To strengthen election integrity in the United States, the Heritage Foundation recommends that “all polling places should be run either by a politically neutral polling official or jointly by at least two officials representing the two major political parties.”

By contrast, Elections Canada already ensures that whether at a polling station or during the mail-in vote count, political parties can appoint people to scrutinize the vote. Even in cases where parties do not provide such people, the vote count by law must be confirmed by two independent witnesses.

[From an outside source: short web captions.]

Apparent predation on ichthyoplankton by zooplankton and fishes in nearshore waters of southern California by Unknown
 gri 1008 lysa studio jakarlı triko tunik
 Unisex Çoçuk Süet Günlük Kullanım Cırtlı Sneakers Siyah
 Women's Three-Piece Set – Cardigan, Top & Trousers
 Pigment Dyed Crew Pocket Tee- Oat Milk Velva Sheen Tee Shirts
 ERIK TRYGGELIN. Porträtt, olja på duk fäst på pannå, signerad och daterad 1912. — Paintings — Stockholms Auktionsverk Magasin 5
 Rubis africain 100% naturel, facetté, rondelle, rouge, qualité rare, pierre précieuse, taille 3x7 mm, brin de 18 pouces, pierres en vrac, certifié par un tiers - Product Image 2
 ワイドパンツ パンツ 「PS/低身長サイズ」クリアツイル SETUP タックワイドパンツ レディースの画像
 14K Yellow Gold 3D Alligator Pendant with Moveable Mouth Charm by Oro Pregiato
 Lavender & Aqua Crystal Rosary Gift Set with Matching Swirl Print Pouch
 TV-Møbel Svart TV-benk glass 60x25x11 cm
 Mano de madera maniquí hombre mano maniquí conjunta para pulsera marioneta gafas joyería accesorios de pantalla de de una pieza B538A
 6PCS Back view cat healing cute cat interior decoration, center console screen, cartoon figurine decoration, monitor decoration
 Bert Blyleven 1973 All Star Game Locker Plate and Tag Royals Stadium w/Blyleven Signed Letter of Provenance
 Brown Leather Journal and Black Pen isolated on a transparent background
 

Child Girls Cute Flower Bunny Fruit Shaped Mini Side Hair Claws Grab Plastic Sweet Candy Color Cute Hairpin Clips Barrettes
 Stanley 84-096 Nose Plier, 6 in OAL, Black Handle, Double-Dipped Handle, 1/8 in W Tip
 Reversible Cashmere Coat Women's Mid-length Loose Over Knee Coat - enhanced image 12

Prof. Aleksander Essex of Western University, an expert in cybersecurity and vulnerabilities to election tampering, says Canadian federal elections are administered more securely because votes are counted by hand, not by vote tabulation machines. What concerns him about mail-in ballots is the inability to ensure a secret ballot.

“Family, friends, voting parties—we hear these kinds of stories in the U.S. where people get together and vote. … You can have other people in the room with you and they can see how you vote and they can direct you how to vote,” Essex said in an interview, adding that “vote-buying, vote-selling, vote-gifting” are hypothetically possible.

“Think of this process as being like a chain, and if there’s one link in the chain that’s weak—well, if I’m a bad guy, that’s the chain link that I’m going to attack.”

A research brief by the Public Interest Legal Foundation (PILF) states there were 14.7 million mail-in ballots unaccounted for in the 2020 U.S. election, including nearly 1.5 million in Los Angeles County alone. PILF called this “the greatest blind spot in the American electoral system.” The group also found 1.1 million undeliverable ballots and 560,814 rejected ballots.

Essex said uneasiness over whether a vote arrives and reflects the voter’s intent does not help confidence.

“Step number one is, did [Elections Canada] get your vote? And then step number two is, did the vote get logged or modified or did they steam open the envelope?” he said. “You just have to trust the mail system to not do that on a large scale, right?”

Canadians have until 6 p.m. on Sept. 14 to request a mail-in ballot and can do so in person or online. McKenna says those who choose the latter can be confident of the process.

“If they apply online, we send them a little reference number when they apply, and [after they mail their vote] they can use it and they can check the status of their ballot. … If they prefer to, they can call their local office and ask,” he said.

“If you truly didn’t get your kit, or if you got a damaged kit and it was too late for you to be able to get it back in the mailbox by election day, then you can go to the polls on election day and explain your situation and vote at the regular polls.”

In 2019, 18.3 million Canadians voted in the federal election, including 4.7 million in advance polls. Mail-in votes are not expected to exceed 3 million, which sits well with Essex.

“Mail-in voting is not as bad as online voting, but it’s not as good as in-person voting. … I would consider it to be a problem if the majority of the election was done in the mail-in fashion,” he said, again vouching for Canada’s system.

“Out of everything that I know about how all the elections work across the world, I think that the federal Canadian elections are among the best-conceived and the best-run of any. It’s one of the only things maybe we can feel good about these days, but we really do have a great system.”

Bill C-19, which proposed temporary changes to how elections would be conducted in a pandemic scenario, died on the order paper and did not become law.